### SUPPLIED MATERIAL:
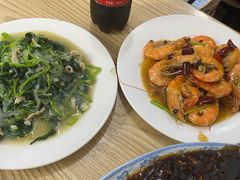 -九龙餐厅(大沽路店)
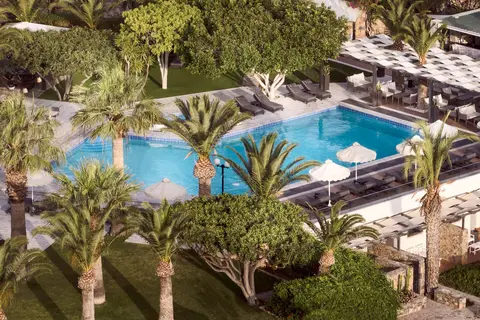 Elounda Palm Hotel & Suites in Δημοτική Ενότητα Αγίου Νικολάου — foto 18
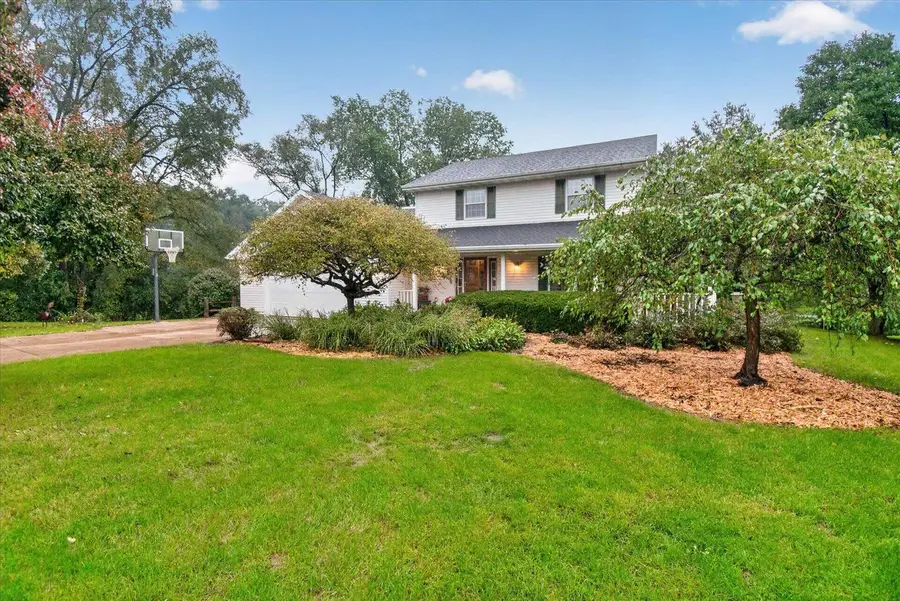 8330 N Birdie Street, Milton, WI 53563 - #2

...

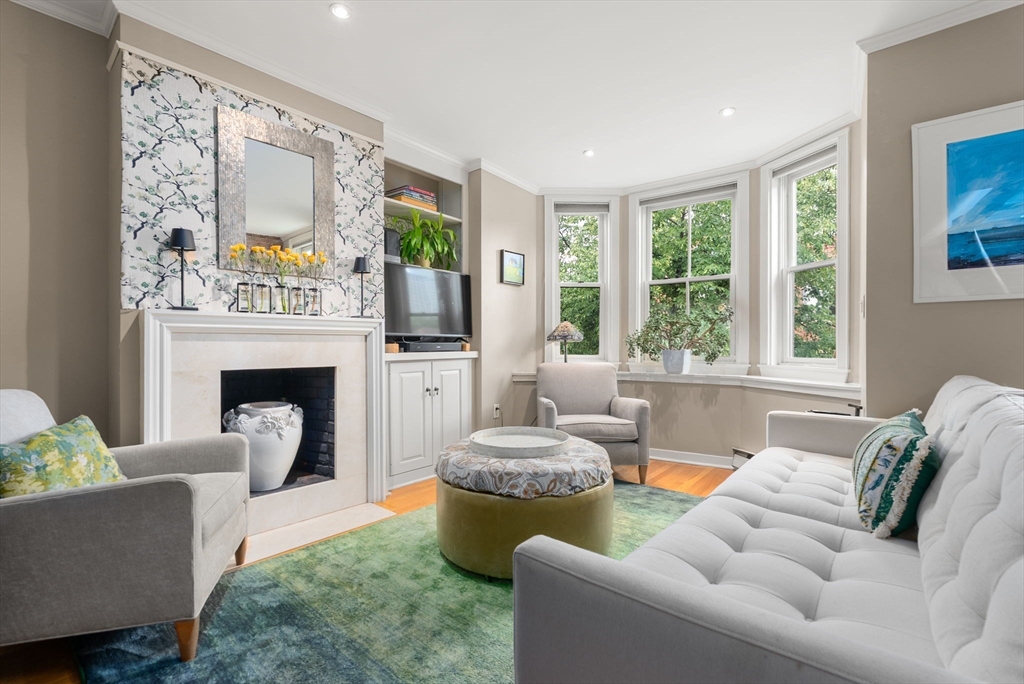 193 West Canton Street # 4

### TASK ITEM:
Word for word, write out the lines above running from the one with "-九龙餐厅(大沽路店)" up to and including the one with "8330 N Birdie Street, Milton, WI 53563 - #2". Drop any picture.

### ANSWER TO THE EXERCISE:
 -九龙餐厅(大沽路店)
 Elounda Palm Hotel & Suites in Δημοτική Ενότητα Αγίου Νικολάου — foto 18
 8330 N Birdie Street, Milton, WI 53563 - #2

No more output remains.